A Long-term Perspective Contributes to China-Europe Relations

Deng Li
On November 4, 2022, President Xi Jinping held a meeting at the Great Hall of the People with German Chancellor Olaf Scholz who was on an official visit to China. President Xi noted that China-Europe relations bear on global stability and prosperity in Eurasia and should be maintained and developed with efforts from both sides. China always regards Europe as a comprehensive strategic partner. It supports the strategic autonomy of the European Union and wishes Europe stability and prosperity. The more complex and difficult the situation becomes, the more important it is for China and Europe to uphold mutual respect, mutual benefit, dialogue and cooperation. On November 15, in a meeting with French President Emmanuel Macron in Bali, President Xi reiterated that as two major forces in a multi-polar world, China and Europe should uphold the spirit of independence, openness and cooperation and inject stability and positive energy into the world. China and Europe have formed a strong relationship of economic interdependency. The two sides should expand two-way trade and investment, jointly uphold true multilateralism and tackle global challenges.  

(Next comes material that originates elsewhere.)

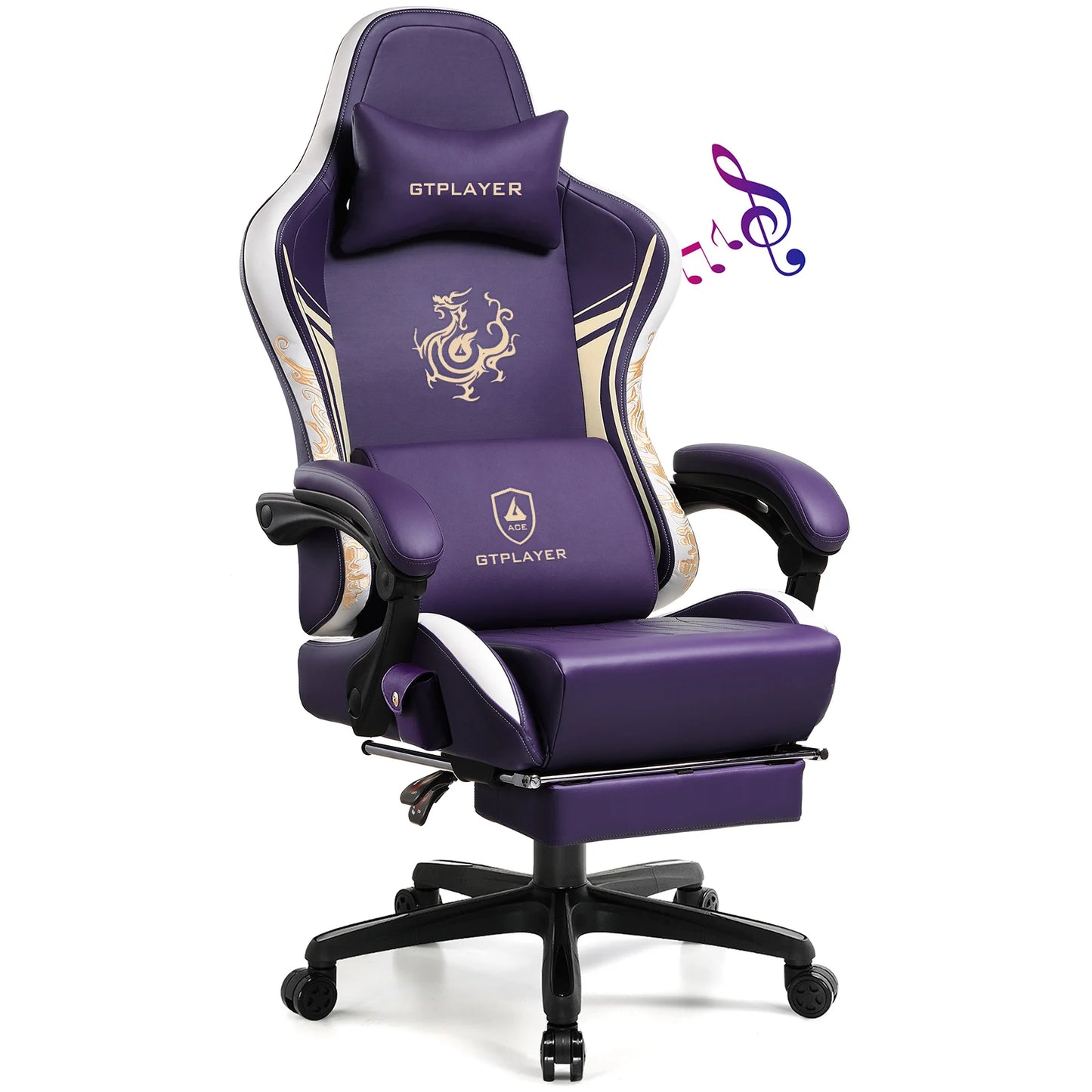 GTPLAYER Gaming chair Gamer chair with Bluetooth Speakers and Footrest Dragon Series Office Chair Ergonomic Gaming chair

These important remarks on China-Europe relations by President Xi after the 20th National Congress of the Communist Party of China (CPC) reflect a high degree of stability and consistency in China’s policy toward Europe. They are a clear indication that China maintains sincerity and good-will in developing its relations with Europe, commits to the characterization of the relationship as a comprehensive strategic partnership and stays determined to build a China-Europe relationship that has stronger global influence.
The world today has entered a new phase of turbulence and transformation. The COVID-19 pandemic has not yet ended, while geopolitical conflicts, energy crisis, food crisis, and inflation come up one after another. Economic globalization faces headwinds and countercurrents. The world economy is under increasing downward pressure. A few countries follow unilateralism and are obsessed with group politics and small circles. The world is at serious risks of being pushed again to the brink of division and confrontation. Clouded by these difficulties and challenges in the global situation, some feel pessimistic about the future of China-Europe relations; a handful even deliberately disparage, disrupt and sabotage this relationship. This has aroused grave concern among the long-standing supporters of China-Europe friendship and cooperation from different sectors. Where is this relationship heading? Can the two sides rise above challenges to usher in a brighter future? These are questions the two sides must answer. In my view, we should contextualize this relationship in a historic, dialectical and dynamic perspective, and put it in the bigger picture.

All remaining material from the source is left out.